В этом полку были такие случаи: в Черное море упали, из Адлера вылетали. 63-й Керченский Краснознаменный авиационный полк, 132-й Севастопольской дивизии. Они воевали в Краснодарском крае, в Крыму, а я пришел в дивизию под Смоленск, когда наши войска входили в Минск. И недоглядели… Вроде приходил заправщик, и самолет так и не вытащили, так он и остался в Черном море. Падали у Адлера, но их успевали достать. В Адлере посадка сложная с моря и в гору; были случаи, врезались. Там они и похоронены.

Команду дали «Запуск!»; все запускают, взлетает командир, а потом — как он говорил. Сперва — внешнее звено, потом – внутреннее. Если левый разворот, то левое звено — последнее или наоборот. Летели девяткой, клином, звено командира. И слева, и справа — по звену. Сбрасывать бомбы, летя как можно кучнее, чтобы если попало, то попало по-настоящему.

После возвращения обедали. Объявляли, будет ли второй вылет. Если нет, то шли отдыхать.

- Блудили?

— Нет, все люди уже с опытом. Когда летали на Ил-28, там для бомбометания был компьютер, ночью землю было видно. Когда в Кировабаде стояли, летали бомбить через Кавказский хребет на полигон.

- В чем летали летом, зимой?

— Куртка, брюки меховые, и шлем тоже меховой. В жару — в простом комбинезоне.

- Награды, документы брали с собой?

— Кроме пистолета и карты, с собой ничего не брали. Где упадешь же, не знаешь.

- Из сбитых экипажей возвращались обратно?

— Возвращались.

- Вас не сбивали, аварийных посадок не было?

— Нет. Я же к концу войны пришел, добивали немцев. Они, конечно, сопротивлялись страшно. Все мечтали разгромить Советский Союз, но это им не удалось, Союз есть Союз. Между прочим, я очень доволен властью Советов, хорошо они все-таки относились к людям. Хоть и ругают Сталина, и напрасно: он не спасовал, не сбежал из Москвы, когда немцы ее в бинокль видели. А даже парад сделал, это не каждый руководитель такого ранга мог сделать. И первый тост он поднял за русский народ, правильно он оценил. Здесь, под Сталинградом, немцы кричали: «Меняем румын на елдашей!»

 — День Победы помните?

— Позавтракали, пришли на аэродром. Вдруг кто-то выстрелил из ракетницы. Приемников у нас тогда не было, запрещали. Кричат: «Победа!», и пошла стрельба, стреляли часа два. Рады были страшно. Приходит командир и говорит: «Радуйтесь, радуйтесь, но на боевом посту вы будете дежурить». Ничего не поделаешь.

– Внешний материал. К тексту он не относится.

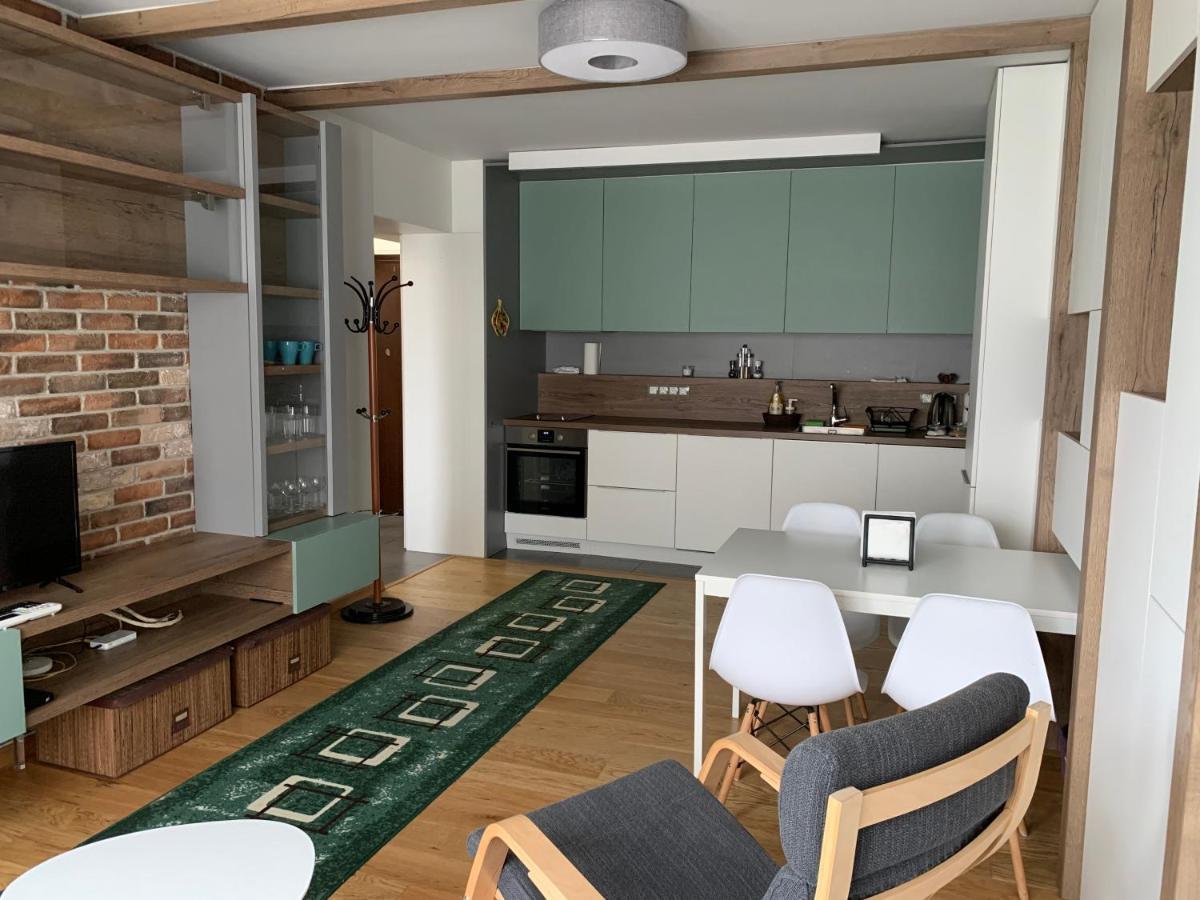 Niko's Deluxe Apartemen Sofia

Лапшеницы был последний аэродром в Померании, местных там не было, все дома были пустые, небольшое село. Все сделано добротно, капитально. Мы все удивлялись, чего гады-немцы полезли к нам, не дали нам жизнь сделать по-человечески. А у них все было: и дороги хорошие, хлева, хаты двухэтажные, полутораэтажные, церковки. В каждой церкви стояла полированная доска, где шикарными буквами записаны фамилии погибших немцев из этой деревни. Немцы есть немцы. Немцы были в сто раз лучше поляков, поляки — самые вредные люди. Сколько они потравили наших людей! Чтобы водка была крепче, нагоняли на табаке, еще на чем-то. А наши Иваны – «А давай выпьем». Особенно когда война кончилась, они много погубили наших людей. Вот такая штука.

- Какие у вас награды?

— Ордена Красной звезды и Отечественной войны.

Я 31 год отработал на почтамте.

- На самолетах что-нибудь писали?

— Только звезды и номер. Зимой не красили: как с завода выпускали, так и летали.

- Как пополнение вводили?

— Скорей в замену, не хватало людей в полку, потери понес большие. Старались мы, хотели без ведома начальства делать боевые вылеты, но не получилось.

- У Вас сколько боевых вылетов?

— Боевых вылетов я сделал 10. Я не прибавляю: что есть, то есть.